Auditor general concerned that provincial government's structural deficit persists; she encourages continued efforts to control spending05 December 2013
FREDERICTON (GNB) – The provincial government incurred a fifth consecutive deficit in fiscal 2012-13, according to the latest annual report of the auditor general, tabled in the legislative assembly today.
The report, reflecting audited financial statements for the fiscal year ending March 31, 2013, indicated that the deficit of the provincial government exceeded $500 million. Nearly $1 billion was added to net debt, which is now exceeds $11 billion.
Auditor general Kim MacPherson noted, however, that the provincial government curbed spending favourably, increasingly 1.6 per cent from 2011 to 2013. By comparison, spending increased by 7.1 per cent or more in Nova Scotia, Manitoba, and Saskatchewan.

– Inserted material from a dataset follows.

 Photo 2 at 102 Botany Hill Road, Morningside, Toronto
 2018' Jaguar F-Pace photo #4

"Although recent government efforts to control spending are noteworthy, it is not enough," said MacPherson. "The province still has a structural deficit. A structural deficit is a sustained situation where expenses exceed revenues. It is also concerning that this fiscal imbalance persists in a time when our infrastructure such as buildings, roads and bridges are not being maintained and renewed at optimal levels."

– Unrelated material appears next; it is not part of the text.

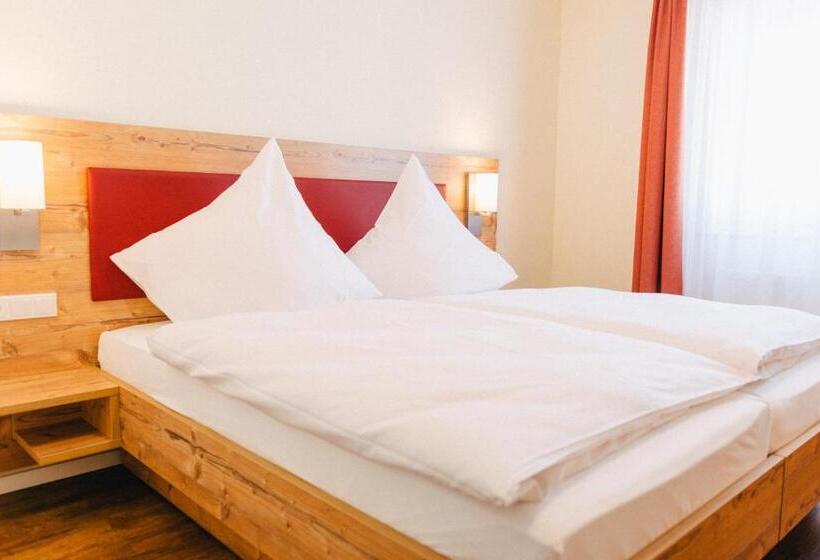 חדר סטנדרט, Gasthaus Stroh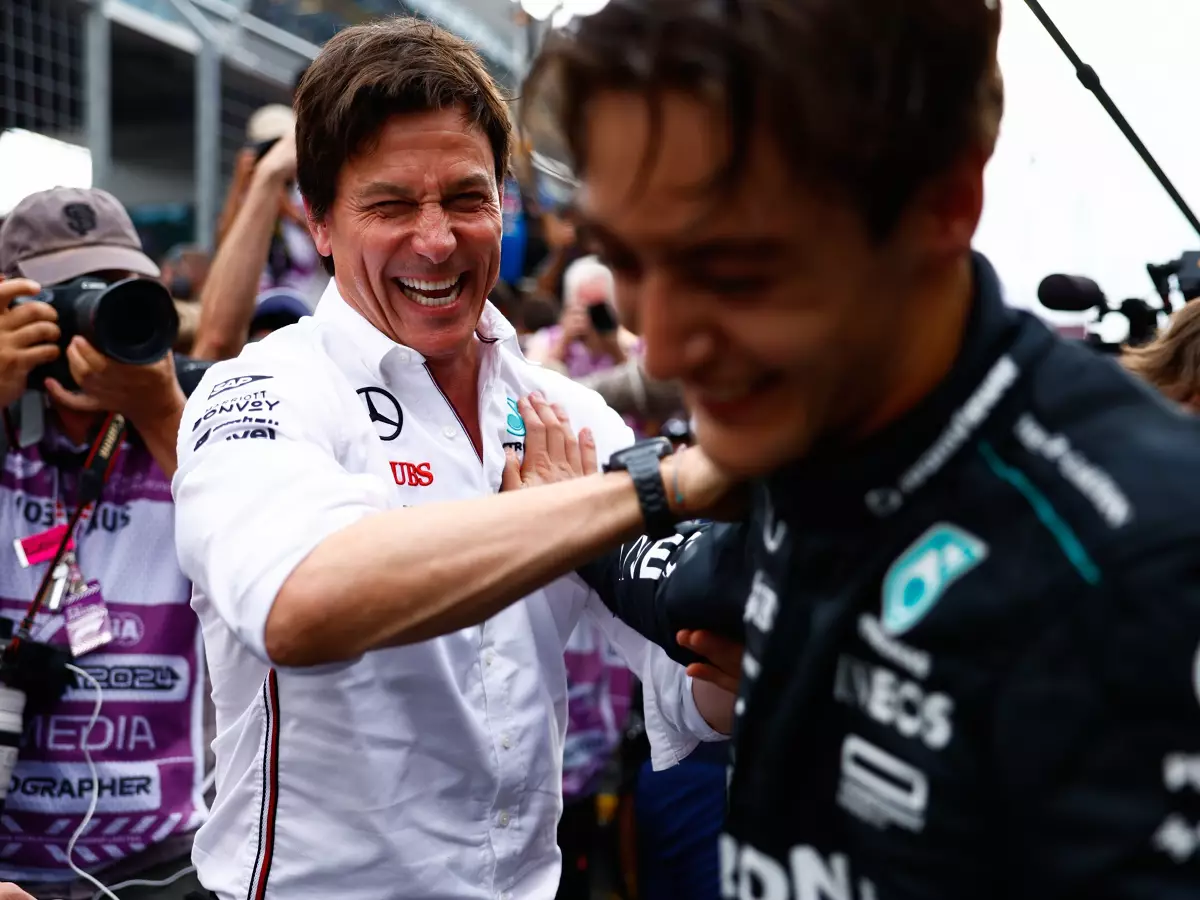 Mercedes-Teamchef Toto Wolff jubelt mit Spielberg-Sieger George Russell Foto zur News: Wolff schreit Russell an: "Die größte Dummheit in meinen zwölf Jahren F1"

MacPherson noted that in general, to correct a structural deficit, programs and services need to be reduced, revenues need to be increased, or some combination of the two needs to occur. The solution chosen is dependent on government policy and decision-making.

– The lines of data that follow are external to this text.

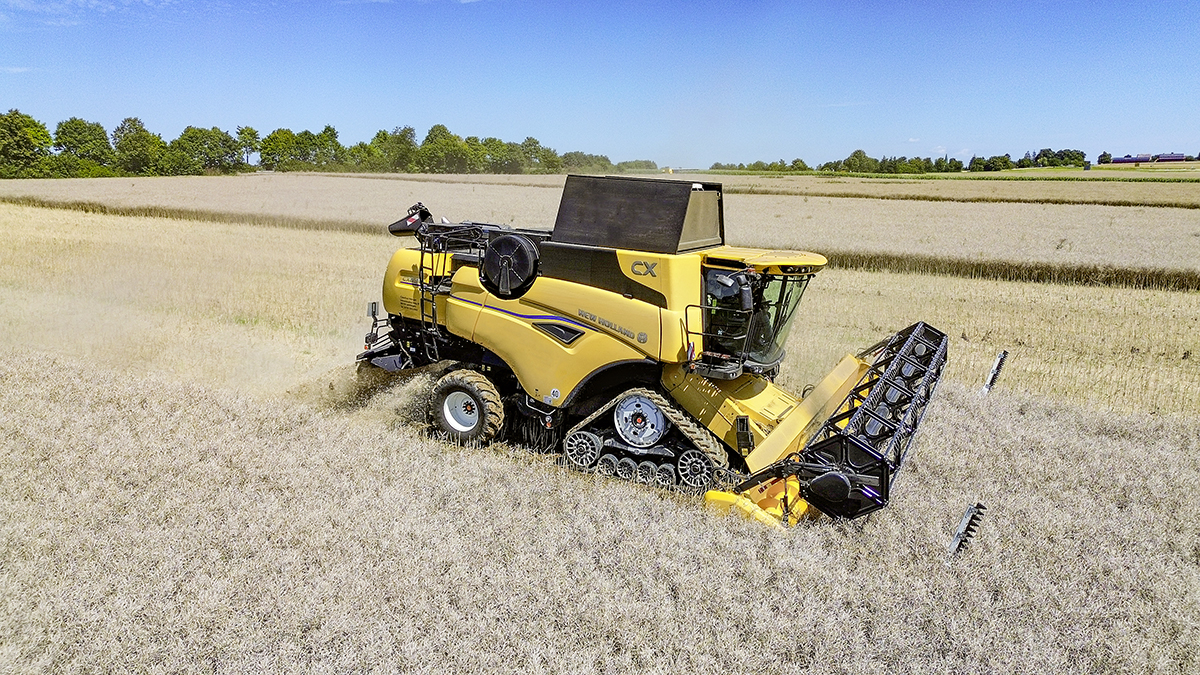 New Holland CX8.90 combine on tracks: Experienced and smart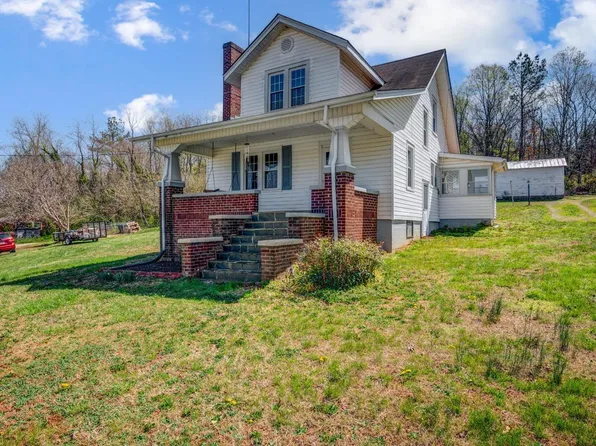 501 W Spencer Rd, Hurt, VA 24563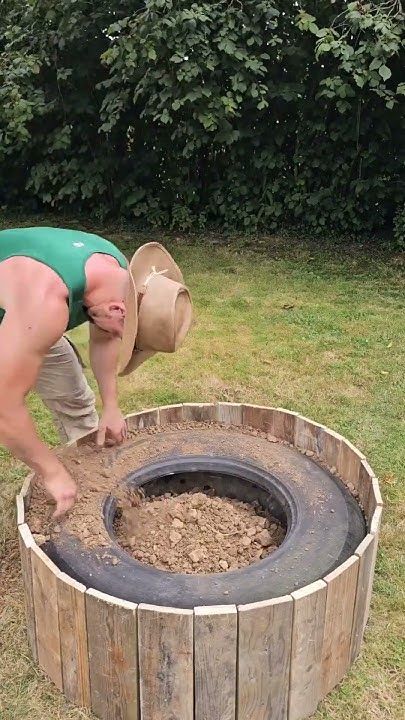 Wood In Garden Ideas, Low Cost Garden Ideas Diy, Tires Garden Ideas, Clever Garden Ideas, Fire Pit In Garden Ideas, Backyard Plants Ideas, Back Patio Planter Ideas, Diy Yard Art Crafts, Wood Pallet Projects Outdoor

"Further fiscal diligence is required to improve the financial health of the province," said MacPherson.
MacPherson was concerned about the timing of the release of the March 31, 2013, audited financial statements, in October of this year.
"Financial information is most useful if it is timely," said MacPherson.
With the anticipated requirement to produce audited financial statements 60 days before the September 2014 general election, she offered her office's continued effort to work closely with the provincial government to deliver on the proposed timelines, adding it will require a collective effort by many participants to achieve this goal.
Today's report contains two volumes. Volume I focuses on matters arising from the annual financial audit of the provincial government and Crown agencies. Volume II reports the results of Value for Money projects completed during 2013. Both volumes are on the Office of the Auditor General website.